Assignment
Set down every record below exactly as it appears, but without the pictures.

Excerpted data
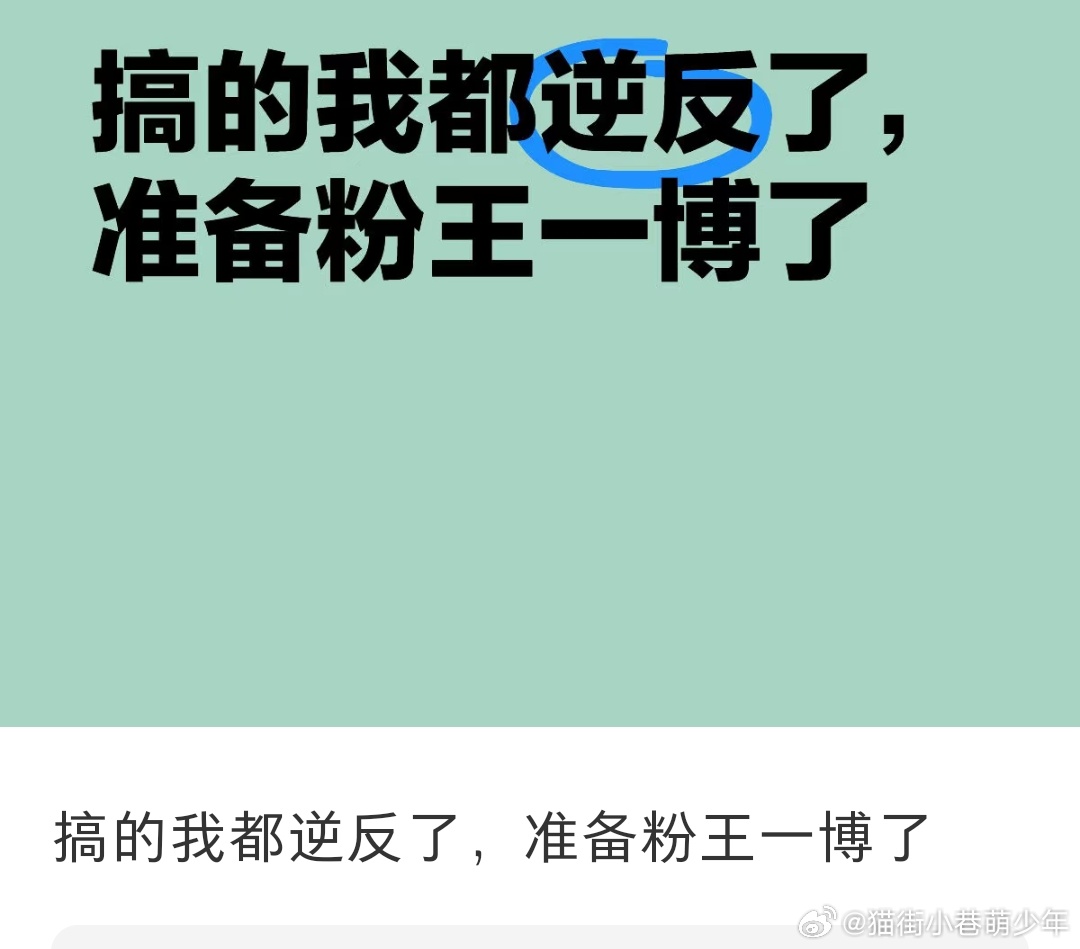 路人:逆反了，准备粉王一博了小摩托: 姐妹不要冲动，先去考古了再说哈哈哈哈哈哈哈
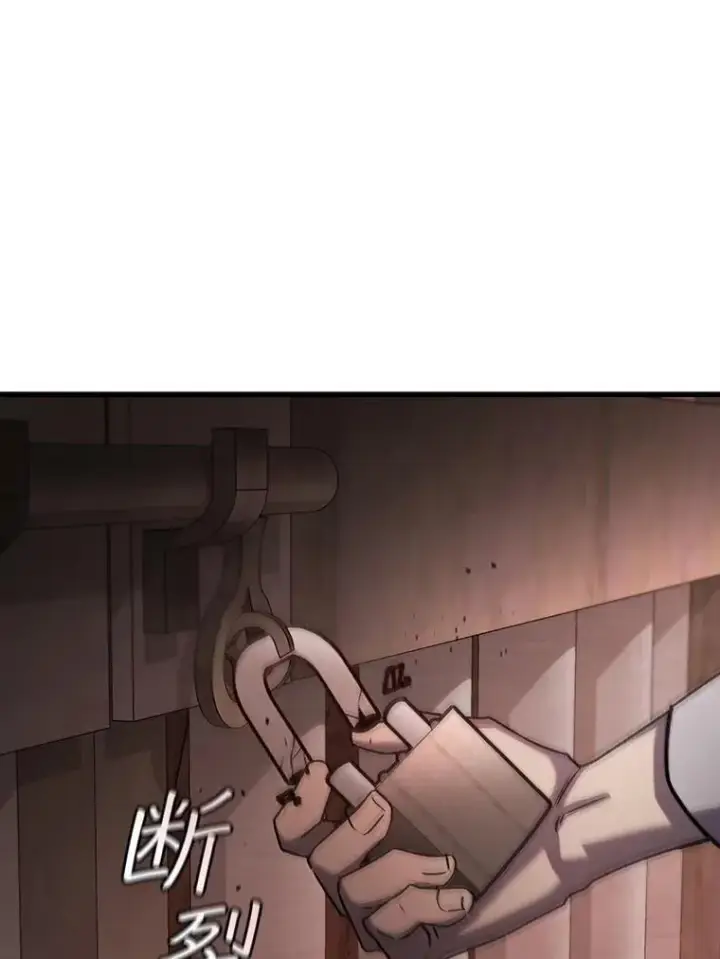 《吞龙魔法师》14.打败骑士图108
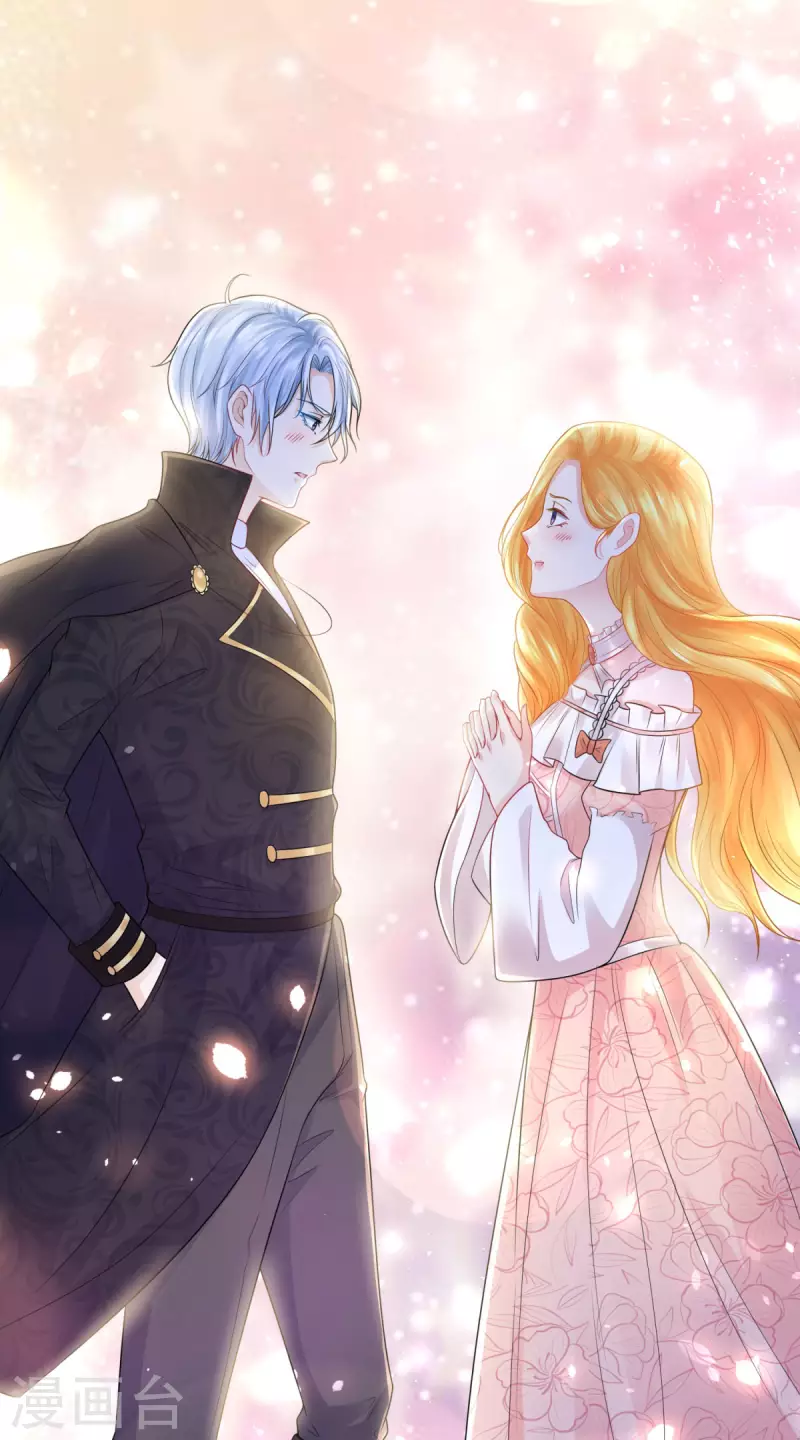 第135话 莱茵哈德江的名侦探-第135话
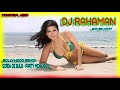 BOLLYWOOD (REMIX) [SCREW DE BULB] PARTY MIX VOL. 1 - DJ RAHAMAN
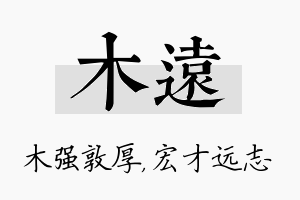 木远名字的寓意及含义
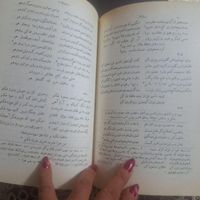 دیوان حافظ|کتاب و مجله ادبی|تهران, نارمک جنوبی|دیوار
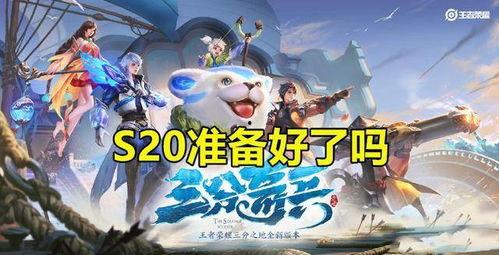 王者s20最新爆料,神秘英雄登场,战局再起风云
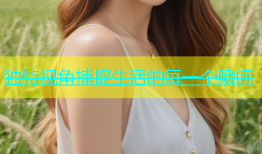 独特视角捕捉生活的每一个瞬间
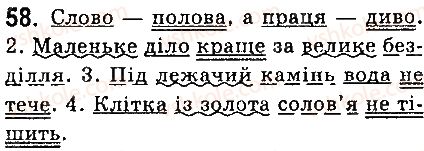фото задание 58 - § 7. іменник як частина мови - іменник
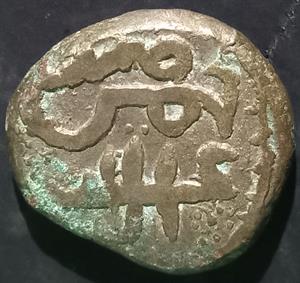 Afghanistan 1 Rupee 1880~1891 Abdurrehman Unique Die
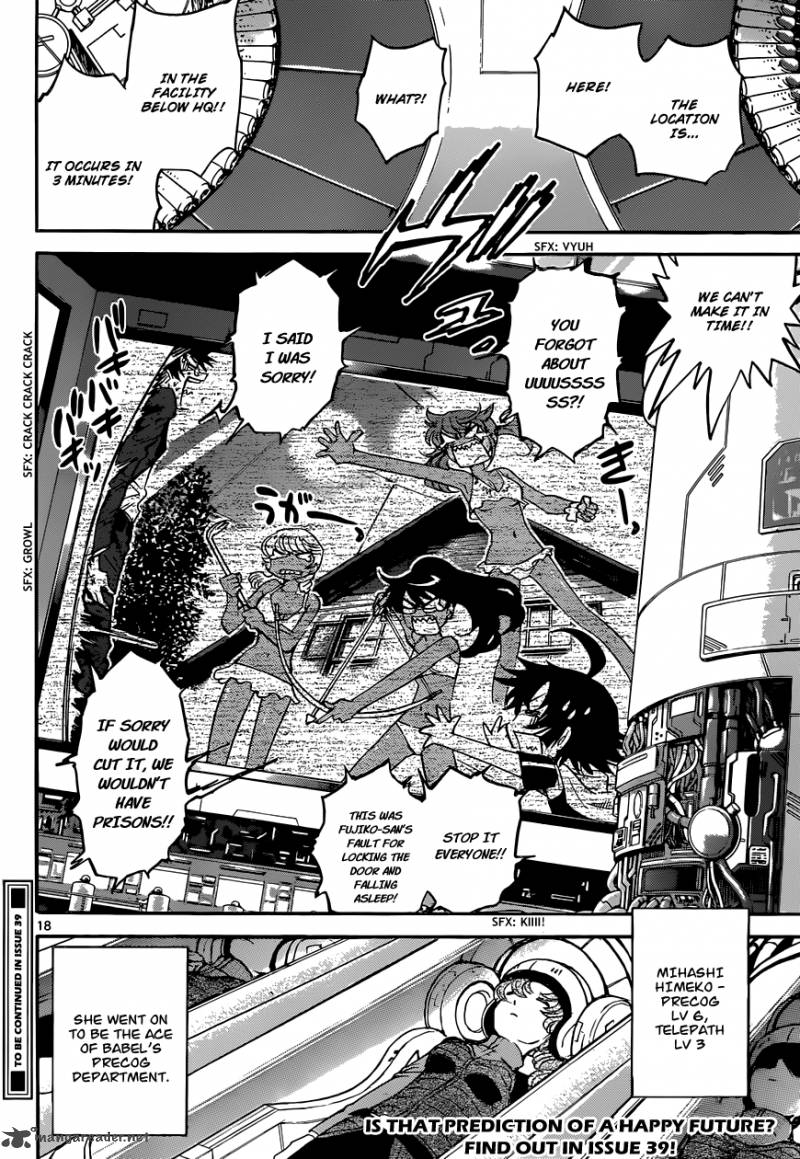 Zettai Karen Children 313 19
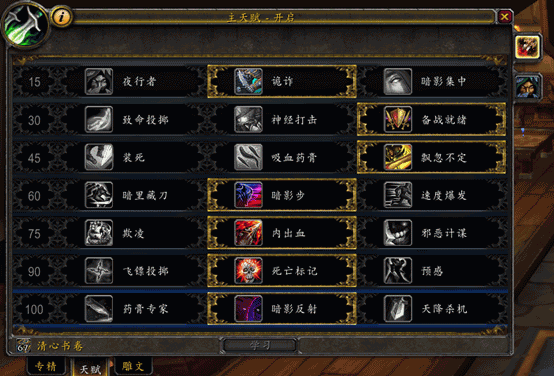 2900贼法骑经验分享附实用宏及插件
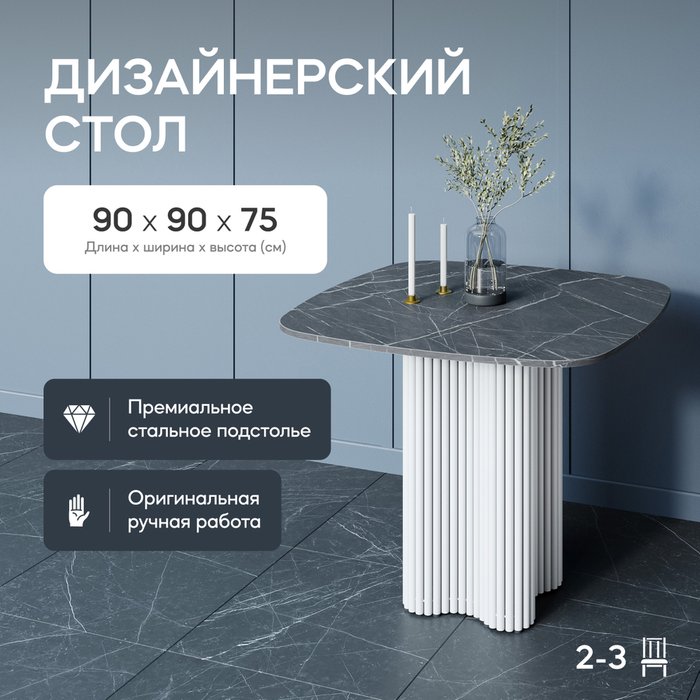 Обеденный стол Trubis Wood 90 с металлическим белым подстольем и столешницей тёмный мрамор - купить Обеденные столы по цене 38900.0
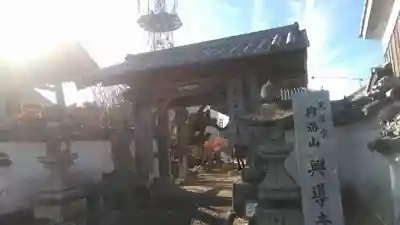 興導寺の山門・神門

Problem solution
 路人:逆反了，准备粉王一博了小摩托: 姐妹不要冲动，先去考古了再说哈哈哈哈哈哈哈
 《吞龙魔法师》14.打败骑士图108
 第135话 莱茵哈德江的名侦探-第135话
 BOLLYWOOD (REMIX) [SCREW DE BULB] PARTY MIX VOL. 1 - DJ RAHAMAN
 木远名字的寓意及含义
 دیوان حافظ|کتاب و مجله ادبی|تهران, نارمک جنوبی|دیوار
 王者s20最新爆料,神秘英雄登场,战局再起风云
 独特视角捕捉生活的每一个瞬间
фото задание 58 - § 7. іменник як частина мови - іменник
 Afghanistan 1 Rupee 1880~1891 Abdurrehman Unique Die
 Zettai Karen Children 313 19
 2900贼法骑经验分享附实用宏及插件
 Обеденный стол Trubis Wood 90 с металлическим белым подстольем и столешницей тёмный мрамор - купить Обеденные столы по цене 38900.0
 興導寺の山門・神門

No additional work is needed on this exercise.